Complément avec la drôle de déclaration de François Bayrou élu président de l'agglomération paloise : "Nos décisions seront cruciales pour l'avenir de notre région (et pourtant) les enjeux n'ont pas été évoqués pendant la campagne dans nos communes. Je ne doute pas que les élus communautaires seront bientôt désignés par le suffrage universel direct." http://www.sudouest.fr/2014/04/14/p...
Comme Frédéric, j'ai milité pour une élection directe des conseillers communautaires et je continuerai à le faire. J'ai notamment défendu cette position face à la sénatrice Jacqueline Gourault, bien moins convaincue que moi, en 2008. Combien d'électeurs du scrutin communal savent quel proportion du budget de leur commune est transféré en bloc à la communauté d'agglomération, et pour quel périmètre de compétences. Savent-ils ce qui échappe à leur contrôle, voire à leur vote ?
La coopération entre élus de tendances différentes, voire même opposées, à ce niveau, n'est pas une option, mais un devoir ! Aux élus en poste de faire avec ! Je ne peux que m'opposer fermement à la vision bureaucratique exprimée par Philippe qui, curieusement, voudrait voir les conseils d'agglomérations sous la forme très "étatique" d'Etablissements Publics, alors qu'ils gèrent des budgets en principe établis par des élus au suffrage universel ...
Christophe Hénocq
Quand à la situation de la communauté d'agglomération d'Argenteuil -Bezons, elle est largement due à son périmètre, calqué sur celui de la circonscription du député, et qui n'a aucun intérêt économique (elle revient à l'ajout d'un sixième quartier d'Argenteuil aux 5 existants), et génère davantage de dépenses, moins contrôlées, sans aucune économie d'échelle en contrepartie.
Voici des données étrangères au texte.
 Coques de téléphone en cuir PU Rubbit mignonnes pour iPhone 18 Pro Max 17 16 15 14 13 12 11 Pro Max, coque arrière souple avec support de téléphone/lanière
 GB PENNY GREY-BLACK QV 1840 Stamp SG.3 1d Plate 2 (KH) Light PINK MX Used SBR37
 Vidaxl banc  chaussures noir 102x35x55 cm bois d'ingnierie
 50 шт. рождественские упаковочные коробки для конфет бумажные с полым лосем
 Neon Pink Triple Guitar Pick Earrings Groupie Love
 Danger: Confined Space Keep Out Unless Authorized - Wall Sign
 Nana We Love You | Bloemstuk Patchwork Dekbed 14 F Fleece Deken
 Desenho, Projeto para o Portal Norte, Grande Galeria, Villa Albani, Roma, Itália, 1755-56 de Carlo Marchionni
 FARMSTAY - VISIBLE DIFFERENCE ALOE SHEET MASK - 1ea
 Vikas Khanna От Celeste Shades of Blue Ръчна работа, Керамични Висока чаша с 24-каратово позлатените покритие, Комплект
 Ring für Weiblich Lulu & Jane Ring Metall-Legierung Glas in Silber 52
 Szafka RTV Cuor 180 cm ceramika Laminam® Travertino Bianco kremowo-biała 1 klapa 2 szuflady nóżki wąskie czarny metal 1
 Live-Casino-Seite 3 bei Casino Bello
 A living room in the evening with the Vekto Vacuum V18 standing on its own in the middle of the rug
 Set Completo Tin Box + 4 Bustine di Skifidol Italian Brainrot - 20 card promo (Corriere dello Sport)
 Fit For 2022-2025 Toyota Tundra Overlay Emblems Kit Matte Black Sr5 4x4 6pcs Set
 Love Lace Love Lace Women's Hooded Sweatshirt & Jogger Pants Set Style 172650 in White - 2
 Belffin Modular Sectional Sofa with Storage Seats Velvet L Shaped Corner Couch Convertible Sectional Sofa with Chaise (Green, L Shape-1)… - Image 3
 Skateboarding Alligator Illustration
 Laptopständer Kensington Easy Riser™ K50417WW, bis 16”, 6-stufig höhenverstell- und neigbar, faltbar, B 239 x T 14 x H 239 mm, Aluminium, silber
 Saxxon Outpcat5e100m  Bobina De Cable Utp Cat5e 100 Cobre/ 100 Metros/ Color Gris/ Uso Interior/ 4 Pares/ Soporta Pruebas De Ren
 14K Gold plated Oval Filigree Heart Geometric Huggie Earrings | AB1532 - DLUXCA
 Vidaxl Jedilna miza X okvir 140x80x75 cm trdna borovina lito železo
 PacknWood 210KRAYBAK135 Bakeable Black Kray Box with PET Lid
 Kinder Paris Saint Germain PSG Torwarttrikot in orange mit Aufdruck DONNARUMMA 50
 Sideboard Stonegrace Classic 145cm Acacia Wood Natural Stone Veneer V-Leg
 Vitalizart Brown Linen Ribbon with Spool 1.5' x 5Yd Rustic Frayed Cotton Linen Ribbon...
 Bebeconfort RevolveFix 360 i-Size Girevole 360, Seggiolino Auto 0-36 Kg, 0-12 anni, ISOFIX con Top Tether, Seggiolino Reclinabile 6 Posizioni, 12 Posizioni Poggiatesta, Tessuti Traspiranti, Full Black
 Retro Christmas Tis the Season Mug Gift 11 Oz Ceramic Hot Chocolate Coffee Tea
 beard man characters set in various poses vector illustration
Force est de constater que Georges Mothron et Philippe Doucet s'en sont tous les deux parfaitement accommodés à tour de rôle.
Christophe Hénocq
@Fred,
D'après mes infos suite à certaines réunions "citoyennes" ;o) , la réforme parle de bassins de population de 300 000 habitants si mes souvenirs ne me trompent pas avec mise en place en 2016. Si récalcitrants il y a , l'état se réserve le droit d'imposer le découpage.
Bonne journée
@ Christophe Hénocq : bien d'accord, pour l'essentiel. Comme nous l'avait expliqué Jacqueline Gourault venue pour notre campagne de 2008 ( http://bayrouargenteuil.free.fr/C10... ), la seule utilité significative des communautés, était le partage des revenus entre communes riches (de taxe professionnelle) et pauvres (villes dortoirs) — parce que la loi ne l'a pas purement simplement imposé, hélas ( http://demsf.free.fr/index.php?post... ).
Le cas du Grand Paris est un peu différent ; qu'on apprécie ou non le montage juridique (moi, peu), les questions de transports et de logement sont à l'échelle de l'agglomération, ou de la région, et demandent à être traitées à cette échelle, pour l'être efficacement. La Région Ile-de-France, qui existait déjà, ça aurait été bien plus simple à mon avis que de monter un "Grand Paris". Mais enfin, s'il existe, autant qu'Argenteuil et Bezons s'y raccrochent.